Robert E May 19, 2012 at 04:16 AM
This is the man that left the City of Providence bankrupt and he wants to talk about Fiscal Responsibility?
steve May 19, 2012 at 04:13 PM
give me a break
Manifold Witness May 21, 2012 at 11:17 AM
Frankly, Mr. Cicilline, this is about RI. Come on down to our level for a little plain talk. We don’t need your spin-speech on the lofty national scene. We cannot afford any more Cicilline fiscal irresponsibility. Or lies. Here in RI, government must make substantial cuts to expenses now. The expenses are growing at a rate that is unsustainable. The infrastructure is an unsafe mess. Here in RI, taxes are breaking the backs of all Rhode Islanders. We need jobs now. We could use some real, meaningful funding assistance for successful local businesses now, please. Another Cicilline term in office would devastate our state’s ability to get through the current economic storm that you and your lies helped leave behind for the rest of us. We have the second highest unemployment rate in the country – and it’s RISING. There’s no sugar-coating that with fancy-schmancy Washington political-speak. RI has seen NO share of ANY economic recovery. Cicilline lacks honor. Cicilline has done nothing for RI investments –those of us who still have a few bucks to invest cannot purchase RI municipal bonds - too risky. Cicilline’s not “built a path to prosperity” for his constituents. He has attempted to achieve success for himself by ignoring the sacred rules and traditional values that his constituents hold dear. Rhode Islanders need a Congressman we can trust. Not one who undermines us. Mr. Cicilline, please, just go home quietly.
Ted Geisel May 21, 2012 at 12:18 PM
Dear Mr. Cicilline, I have no doubt that in your mind you feel you are doing the right thing but America simply cannot afford this anymore. Myself and the majority of Rhode Islanders live within our means and it's time the government started doing the same. We owe more per person that Portugal, Italy, Spain and even Greece! How can you not see the writing on the wall? Don't you think it's a tad hypocritical to say the proposed budget won't be balanced for 30 years when you VOTED AGAINST a balanced budget amendment for the Constitution? Fiscal responsibility is obviously something you are against. Your voting record reflects that. "Our federal budget isn’t just a list of ways to raise and spend revenue – it reflects our values as a nation." I'm sorry but this is a lie. Around 65 percent of the public support a balanced budget. You do not and neither does the budget you support. We are in this mess in part because government has gotten too big and your solution seems to be... just make it a little bit bigger and it will fix everything. How about you put the power back into the hands of the people that made this county great. Let us control our own destiny. Not the government. Just to recap here: You voted AGAINST the balance budget amendment. You voted AGAINST the Cut, Cap and Balance Act of 2011. You voted AGAINST a bill that would return spending to 2008 levels. Your voting record does not reflect fiscal responsibility, does it?

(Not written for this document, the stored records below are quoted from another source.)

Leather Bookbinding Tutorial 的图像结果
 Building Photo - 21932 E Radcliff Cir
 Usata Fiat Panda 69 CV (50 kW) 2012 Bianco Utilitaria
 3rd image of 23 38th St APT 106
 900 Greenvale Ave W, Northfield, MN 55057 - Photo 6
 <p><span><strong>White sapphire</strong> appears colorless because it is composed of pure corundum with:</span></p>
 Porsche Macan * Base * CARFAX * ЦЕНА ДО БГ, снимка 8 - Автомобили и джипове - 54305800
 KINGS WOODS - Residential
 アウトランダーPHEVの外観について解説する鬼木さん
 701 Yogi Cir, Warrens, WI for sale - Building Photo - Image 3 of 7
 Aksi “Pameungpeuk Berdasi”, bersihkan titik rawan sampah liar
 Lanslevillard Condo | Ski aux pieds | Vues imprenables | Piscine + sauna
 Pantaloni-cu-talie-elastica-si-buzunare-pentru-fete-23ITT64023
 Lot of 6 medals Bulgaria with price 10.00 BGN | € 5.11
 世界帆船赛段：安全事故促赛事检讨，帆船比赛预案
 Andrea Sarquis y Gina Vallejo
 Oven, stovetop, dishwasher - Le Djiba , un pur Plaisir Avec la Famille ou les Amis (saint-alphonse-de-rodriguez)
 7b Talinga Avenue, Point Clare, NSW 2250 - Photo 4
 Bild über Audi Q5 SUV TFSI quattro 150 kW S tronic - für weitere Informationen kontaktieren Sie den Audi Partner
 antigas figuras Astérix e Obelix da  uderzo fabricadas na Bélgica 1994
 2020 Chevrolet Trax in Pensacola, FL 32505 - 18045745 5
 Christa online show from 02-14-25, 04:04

Paul May 21, 2012 at 12:46 PM
David needs to join his brother in jail for his deception and cover-up of Providence financial mess.
Gary Morse May 21, 2012 at 04:20 PM
What the politician said: "I believe that true courage rests in asking everyone to pay their fair share". What the taxpayers heard: Government: good, taxpayers: bad
LauraP. May 22, 2012 at 06:52 AM
Ciccilline... The Name itself speaks to corruption, deception, dishonor and disgrace. How dare this individual think himself worthy of anyone's vote. That anyone would consider voting for such a scoundrel is ludicrous... but this, after all, is RI... the little state that COULDN'T. Our state is destroyed beyond repair. Get out now if you can.